In Bautzen blamieren sich Landrat, AfD und CDU. Leiden muss darunter eine Frau, die nichts dafür kann. Und die CDU sät Zweifel, wie fest ihre Brandmauer steht. Was ist da los?
Die Geschichte der Bautzener Ausländerbeauftragten ist seit neuestem eine Geschichte von Verlierern. Besonders hart getroffen hat es die Beauftragte Anna Piętak-Malinowska selbst: Der Bautzener Kreistag hat am Montag ihre Stelle auf Antrag der AfD abgeschafft – mit der Hilfe einiger CDU-Kreisräte. Ohne zu wissen, ob das rechtlich überhaupt möglich ist.
Doch die Liste der Verlierer ist bedeutend länger. Darauf stehen:
- Landrat Udo Witschas (CDU), der der AfD den Weg geebnet hat, ohne selbst zu verstehen, was der Beschluss konkret bedeutet
- Die CDU Sachsen, die sich wenige Tage vor der Landtagswahl fragen lassen muss, wie fest ihre vielbeschworene Brandmauer zur AfD steht
- Der Kreis Bautzen, der ein ausländerfeindliches Signal sendet, während er händeringend ausländische Fachkräfte für seine Wirtschaft sucht
- Die AfD Bautzen mit einem stümperhaften Abschaffungs-Antrag – wobei das im Auge des Betrachters liegt. Die AfD selbst sieht sich wohl als Gewinnerin
Wie konnte es nur so weit kommen?
Montag, 19. August, 17 Uhr. Großer Saal im Landratsamt Bautzen: Der im Juni neu gewählte Kreistag tritt zu seiner ersten Sitzung zusammen. Stärkste Kraft ist die AfD, sie stellt 32 Kreisräte. Ihr folgt die CDU mit 25 Sitzen.

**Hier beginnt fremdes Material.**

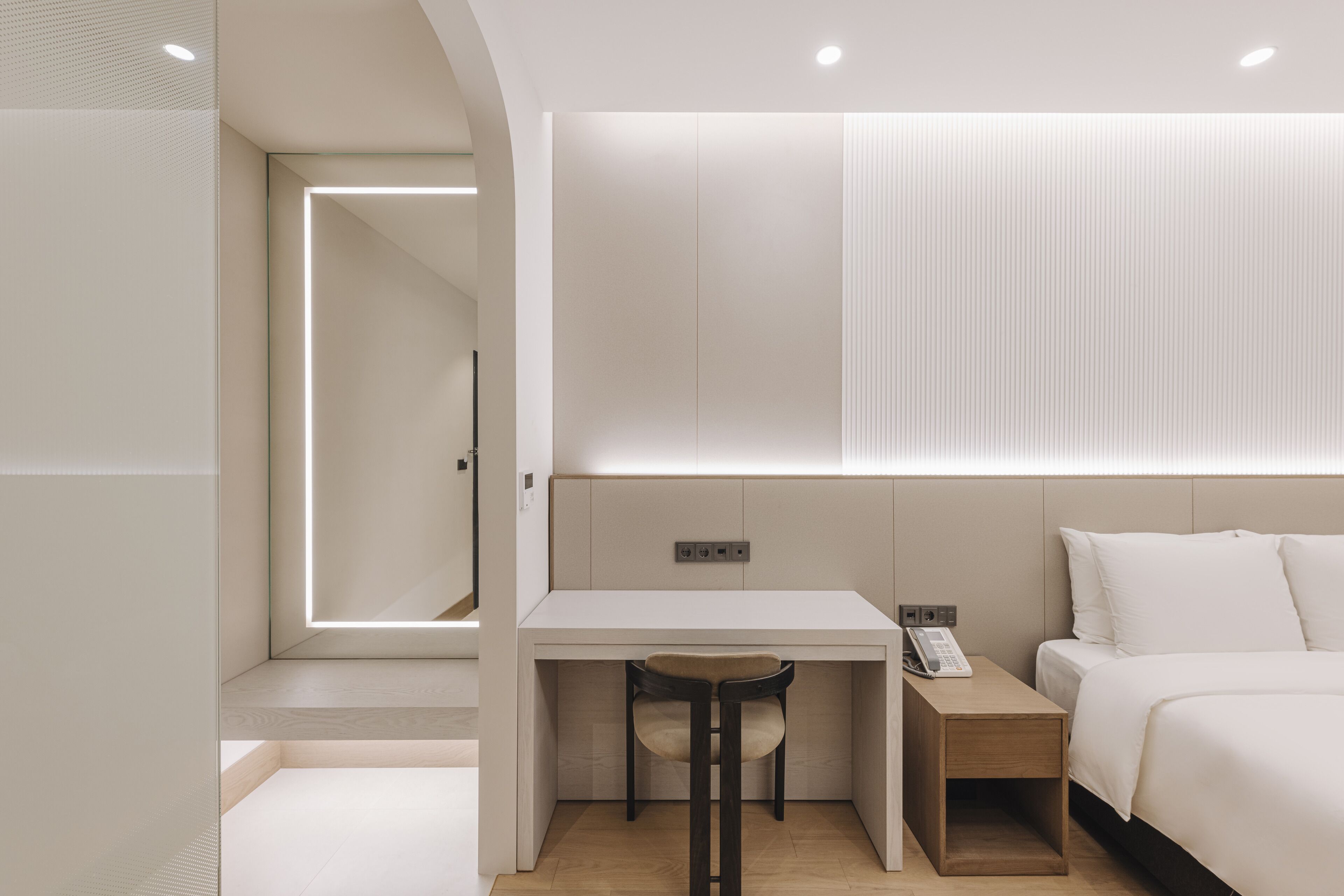 A modern hotel room with a minimalist design, featuring a bed, a desk with a chair, a bedside table, and a wall-mounted panel.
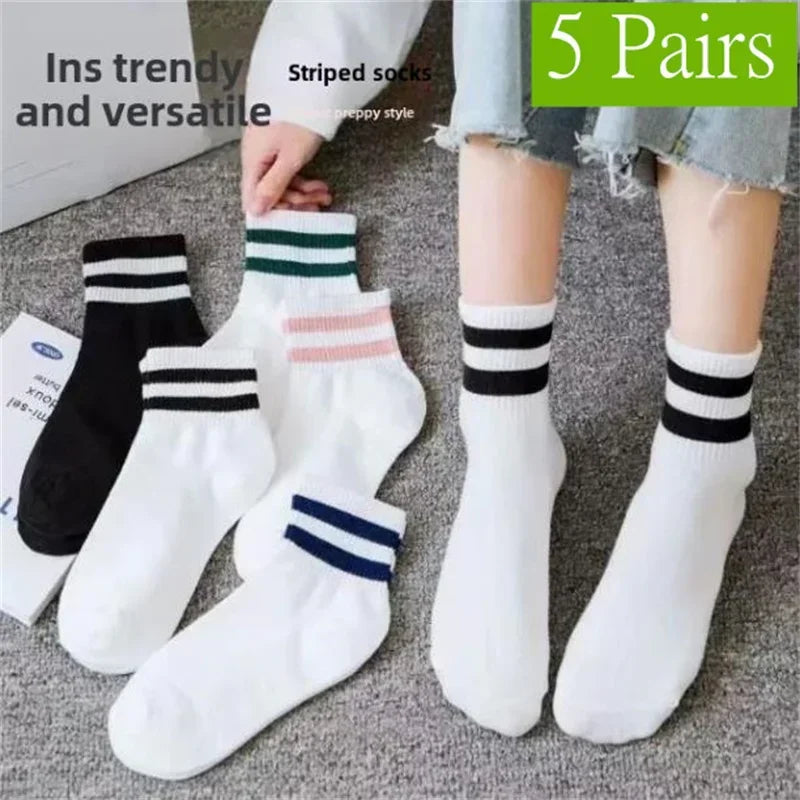 Five pairs of striped socks in black, white, and pink are displayed on a gray surface.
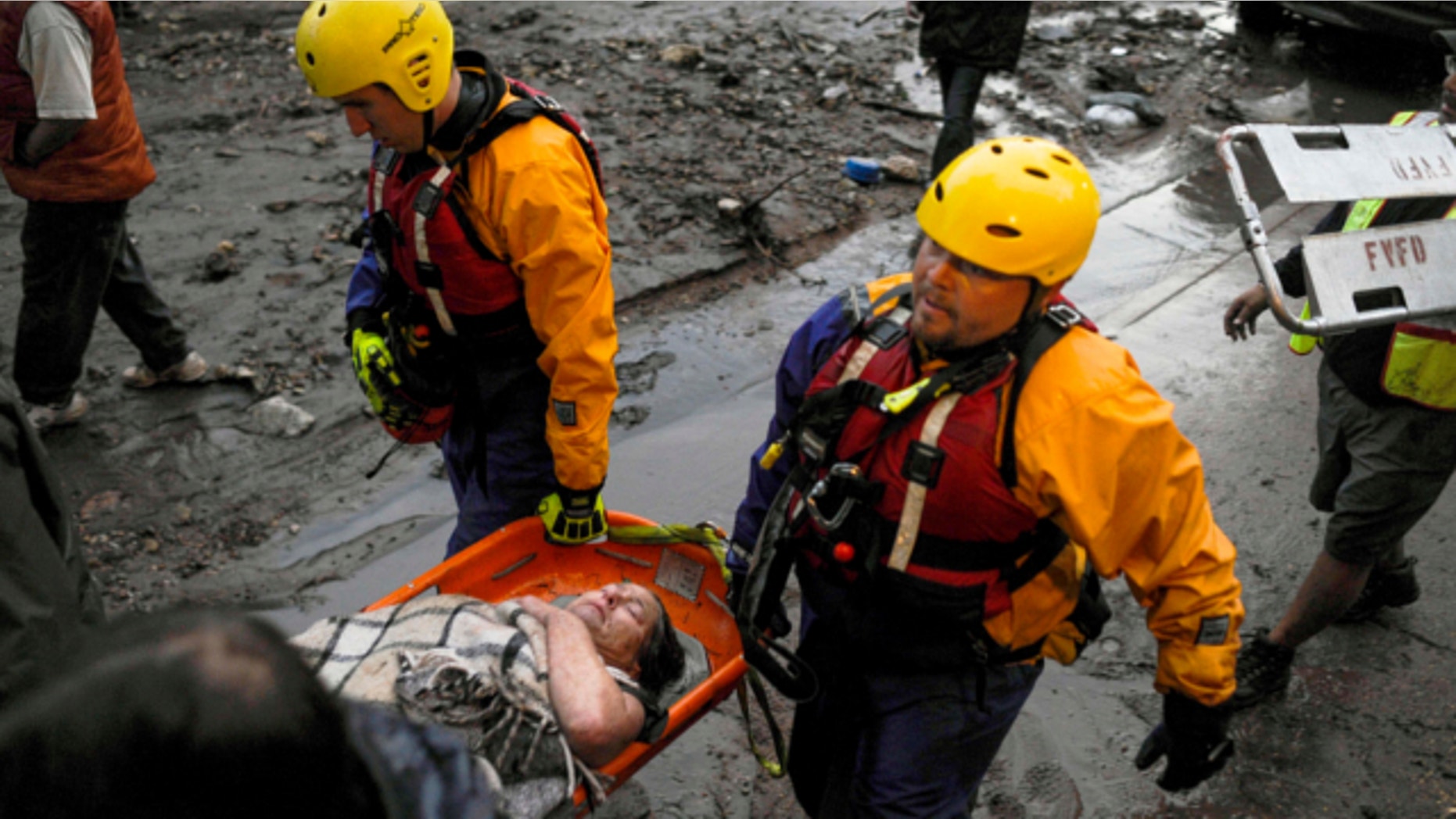 Aug. 9, 2013: The Fountain Water Rescue team assists a woman down Canon Avenues after she broke her leg climbing to safety to avoid the flash flood that ripped through downtown in Manitou, Colo.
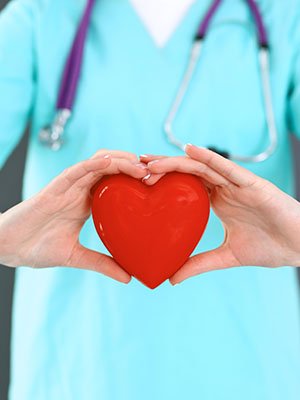 a doctor in blue scrubs holds a red valentine heart in their hands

Bautzen: Die AfD hat ein Ass im Ärmel
Der Kreisräte wollen die Hauptsatzung beschließen, eine Art kommunale Verfassung. Sie regelt die Organisation der Verwaltung und des Kreistages selbst. Der Beschluss ist eigentlich nicht kontrovers, denn die Grundzüge der Satzung wurden im Vorfeld ausgearbeitet. Doch die AfD überrascht am Abend mit einem Antrag, der die Stelle der Ausländerbeauftragten aus der Hauptsatzung streichen will.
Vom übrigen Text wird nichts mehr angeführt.